But actually, for the most part, Loki works. These are excellent characters to spend company with. The world is beautiful to look at, the technology and the bureaucracy of the TVA is a delight. And although it veers from place to place and setup to setup, it’s all tightly plotted. It (mostly) has a sense of pacing, it has a sense of tone and the world is well constructed.
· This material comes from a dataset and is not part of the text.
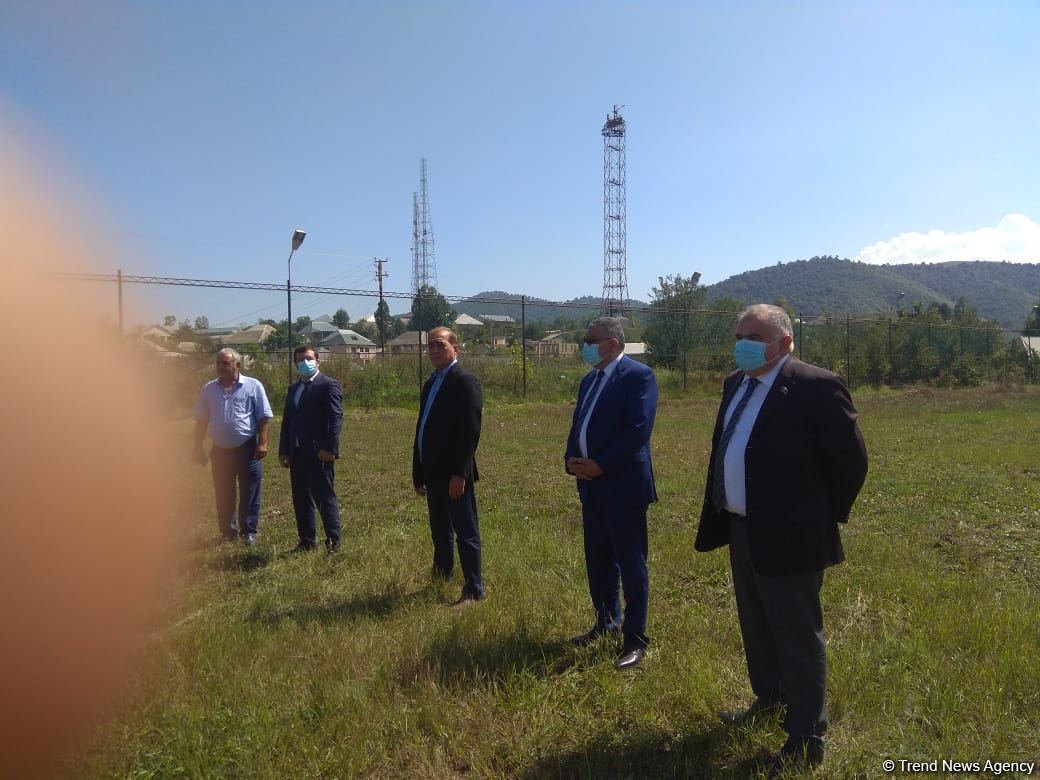 В Гедабеке и Товузе, в рамках проекта по развитию спорта в селах, школьникам раздали футбольные формы и мячи (ФОТО)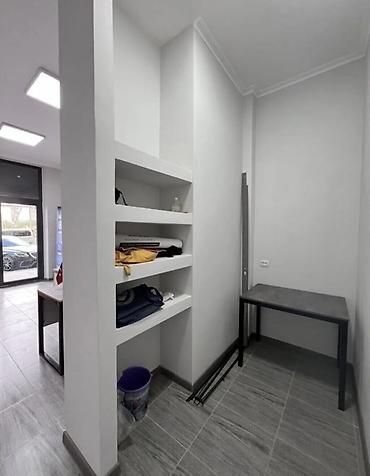 продаю место: Сдаю Офис целиком: 25 м², В жилом комплексе, С ремонтом, С отдельным входом — 2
But whether a movie or a TV show, you have to stick the landing. And this fails spectacularly. The final episode is someone sitting in a chair monologuing to our leading characters for a good part of the run time. Even if it’s an old convention, whether it’s the master in Doctor Who or a a Bond villain, it’s bad writing. You need to tell the story through the drama, not having someone explain it. It’s boring and it stopped the show being what it was about and left our two leading characters sitting in a chair looking at someone new who we also don’t care about saying all the things. Imagine an entire comic book with just the same three frames and different dialogue. And then it’s a new setup and a cliffhanger.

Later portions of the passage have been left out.